Case ID: mass_141/html/0454-01.html
Source: Caselaw Access Project
Author: {"author": "C. Allen, J.", "license": "Public Domain", "url": "https://static.case.law/"}
Date Created: 2024-08-24T03:29:51.129683

John H. Reed & others, trustees, vs. Boston Machine Company. Arthur Cummings vs. Same. John G. Butler vs. Same. William C. Cotton vs. Same.
    Suffolk.
    March 16.
    April 1, 1886.
    W. Allen & Holmes, JJ., absent.
    A holder of special stock of a corporation, which is illegally issued, may prove against the estate of the corporation in insolvency the amount paid by him for the stock, deducting any dividends received, although he did not rescind the contract before the insolvency.
    
      Appeals, by the assignees in insolvency of the defendant corporation, from decrees of the judge of insolvency, allowing the claims of the several plaintiffs. At the trial in the Superior Court, without a jury, before Knowlton, J., it appeared that all the claims were for money paid by the several plaintiffs for shares of special stock of said corporation, the issue of which was declared by this court, in American Tube Works v. Boston Machine Co. 139 Mass. 5, to be invalid. By the terms of the certificates, the stock was redeemable at par after July 1,1885, and was entitled to a fixed half-yearly dividend of three and a half per cent.
    It further appeared that most of the plaintiffs received their certificates in 1881, and the others received theirs in 1882 and 1883; and that all of them but Butler had received dividends on their stock.
    There was no offer by any of the plaintiffs to rescind, or to return the certificates of special stock or the dividends received thereon, before the filing of the petition in insolvency by the corporation, which took place on May 12,1883, or before their offer to prove their claims in insolvency; and the only objection made to the allowance of the claims was for this reason.
    At the time the certificates were delivered and the dividends were paid, both the corporation and the plaintiffs supposed that the stock was legally issued.
    The plaintiffs were severally allowed to prove for the amount paid by each for stock, without interest, deducting the dividends received.
    The judge reported the case for the determination of this court.
    
      B. K. Bennett, for Reed and others.
    
      G. W. Bstabrook, for Cummings.
    
      A. Russ, for Butler.
    
      C. T. Gallagher, for Cotton.
    
      J. H. Benton, Jr., for the assignees.
   C. Allen, J.

These cases are virtually covered by the decision in American Tube Works v. Boston Machine Co. 139 Mass. 5. In that case, to be sure, the plaintiff made an election to repudiate its stock, and offered to return it, before the adjudication in insolvency. Under the circumstances then existing, this was a fact of somef importance, because, as stated in the opinion in that case, “ this special stock might have been made good, so that the plaintiff would be content or be bound to keep it.” But in the present case the time for doing this had passed.

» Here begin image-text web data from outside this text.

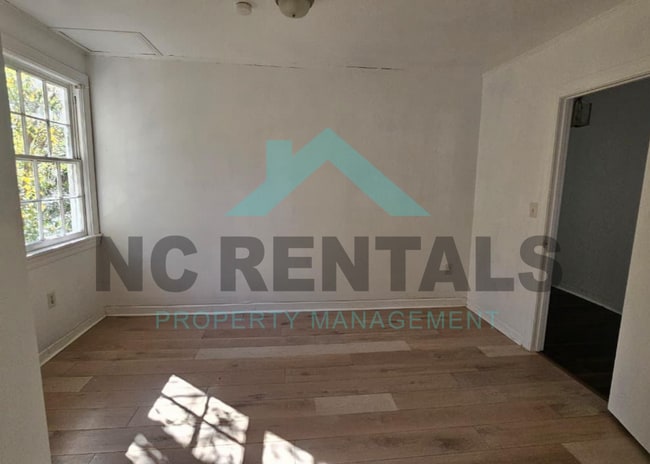 Building Photo - 1006 Panola St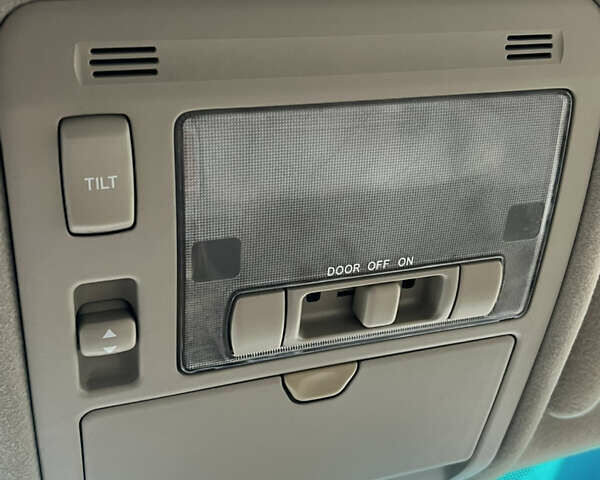 Черный Лексус РХ, объемом двигателя 3.46 л и пробегом 220 тыс. км за 11500 $, фото 31 на Automoto.ua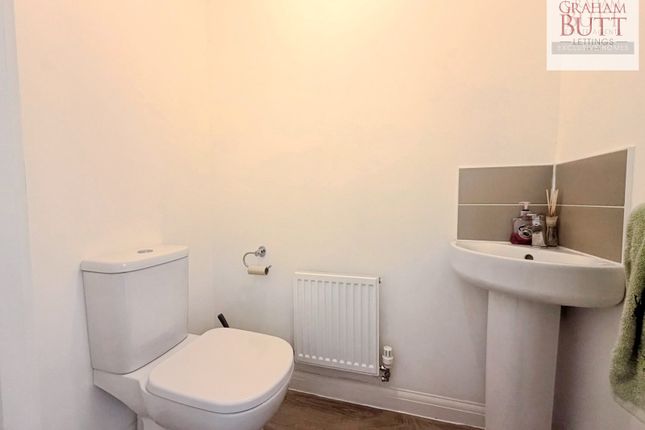 6, Baker Way, Littlehampton photo 4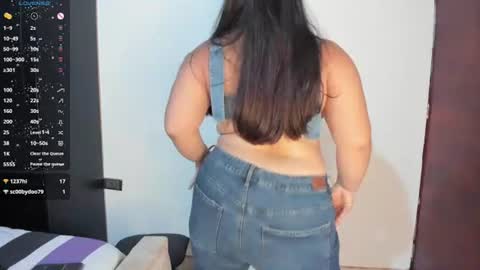 Snapshot of sensual_woman11 chatting on June 2026 01:15:02 AM MIA online show from June 2026 01:15:02 AM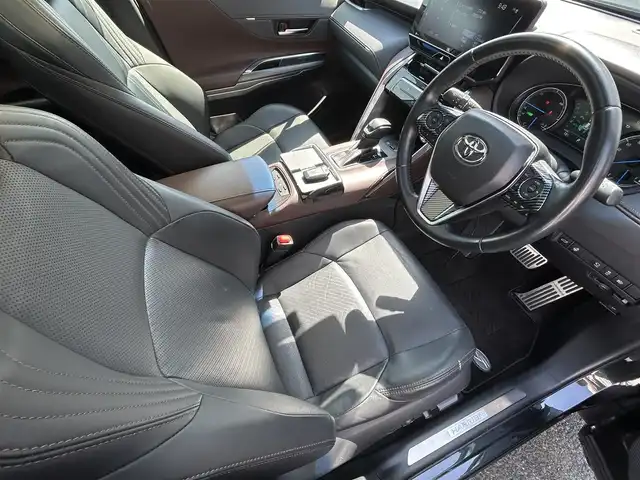 トヨタ ハリアー ハイブリッド Z レザーパッケージ 福岡県 2020(令2)年 4万km プレシャスブラックパール モデリスタ/・エアロ(フロント、サイド、リヤ)/・マフラーカッター/モデリスタ20インチAW/車高調テイン/12.3インチディスプレイオーディオ/　(Bluetooth/USB/Miracast/フルセグTV/ナビキット)/調光パノラマルーフ/JBLプレミアムサウンド/デジタルインナーミラー/パノラミックビューモニター/バックカメラ/トヨタセーフティセンス/・プリクラッシュセーフティ/・レーントレーシングアシスト/・アダプティブハイビームシステム/・オートマチックハイビーム/・ロードサインアシスト/・レーダークルーズコントロール/・先行車発進告知/ブラインドスポットモニター/クリアランスソナー/リヤクロストラフィックアラート/ロードサインアシスト/黒色レザーシート/パワーバックドア/シートヒーター/ベンチレーション/メモリー付パワーシート/ステアリングヒーター/おくだけ充電/モデリスタドアキックガード/ハリアー純正/・チョウヒエンブレム(リヤ)/・エンジンスターターカバー/USBポート×3/ETC2.0/スペアキー×1/保証書/取説/ナビ取説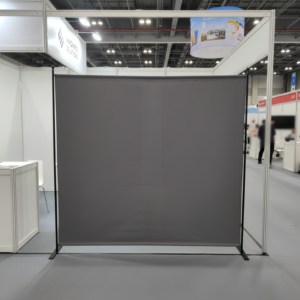 Cloison de séparation pliable économique de 180 cm de large, légère et portable, pour <span class=keywords><strong>bureau</strong></span> à domicile et usage commercial - Product Image 1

The stock was invalid, and nothing could be done by the corporation to make it valid. It was no longer possible to make the plaintiffs stockholders, by estoppel. Under these circumstances, there was no occasion for the plaintiffs to return their certificates of shares, which were valueless; or the dividends which they had received, which were less than the sums they were entitled to receive, the stock being and remaining invalid. See Brewster v. Burnett, 125 Mass. 68; Kent v. Bornstein, 12 Allen, 342. In Allen v. Herrick, 15 Gray, 274, the plaintiff had received and held notes, indorsed by another party, for the dividends. The sums for which the plaintiffs are respectively entitled to prove their claims are the amounts paid by them for the special stock, without interest, which is not insisted on, and which would not run till after a demand, deducting the dividends received.

Judgments accordingly.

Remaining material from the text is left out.